Essa si dimostrerà più efficace se collocata in una cultura bancaria che privilegi standard di onestà
ed integrità. La compliance dovrebbe essere parte della cultura di un’organizzazione”
Il tema della compliance o meglio del rischio di non compliance, inteso come il rischio di sanzioni
legali o regolamentari, di perdite finanziarie rilevanti, o infine di una perdita di reputazione nelle
quali un intermediario finanziario può incorrere a seguito della sua incapacità di essere appunto
compliant, cioè in regola, con leggi, normative secondarie, regole, standard aziendali e codici di
condotta applicabili alla propria attività, è sicuramente importante e suscita con riferimento al
richiamo alla cultura aziendale contenuto nel documento del Comitato di Basilea almeno tre
interrogativi.
Perché si cita la cultura aziendale a proposito della compliance ?

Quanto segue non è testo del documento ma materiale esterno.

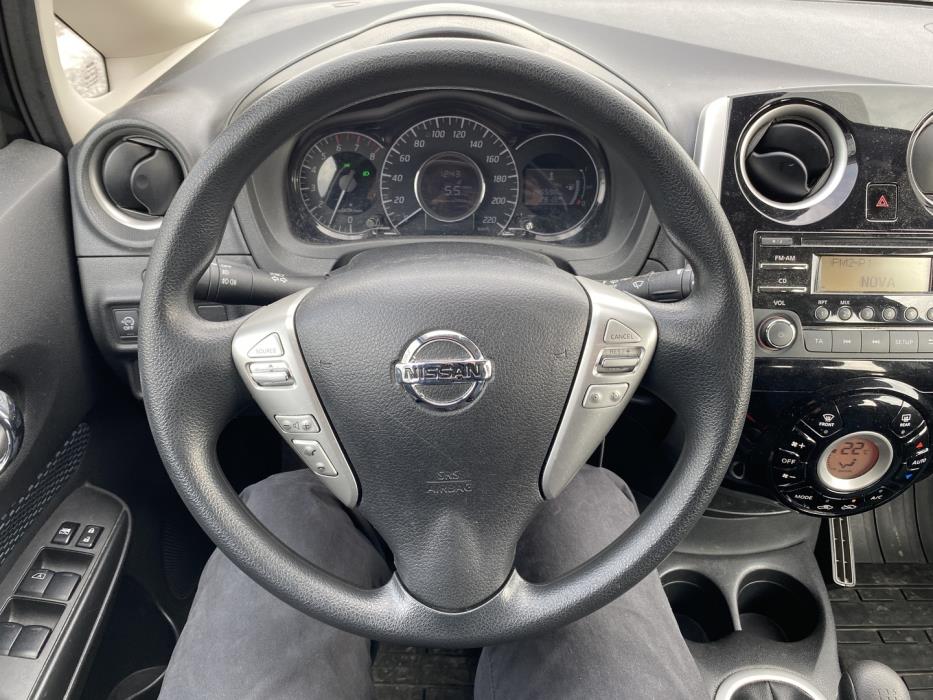 NISSAN Note 2015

Tra gli addetti ai lavori sta emergendo una sorta di paradosso della compliance e cioè che
quest’ultima serva in realtà a chi non è compliant. Osservando, ad esempio, le sentenze sulla 231
(commentate nel precedente numero di Facts&News) è facile rilevare che ciò che i giudici
richiedono non è in astratto l’adeguatezza del modello organizzativo (se è adeguato, cioè in ultima
analisi compliant, nessuno se ne accorgerà!) ma la volontà effettiva delle persone e
dell’organizzazione di prevenire i reati considerati dalla legge. Il modello organizzativo deve essere
cioè non solo idoneo ma anche concretamente adottato ed efficacemente attuato, divenendo la
compliance una componente del funzionamento dellìorganizzazione.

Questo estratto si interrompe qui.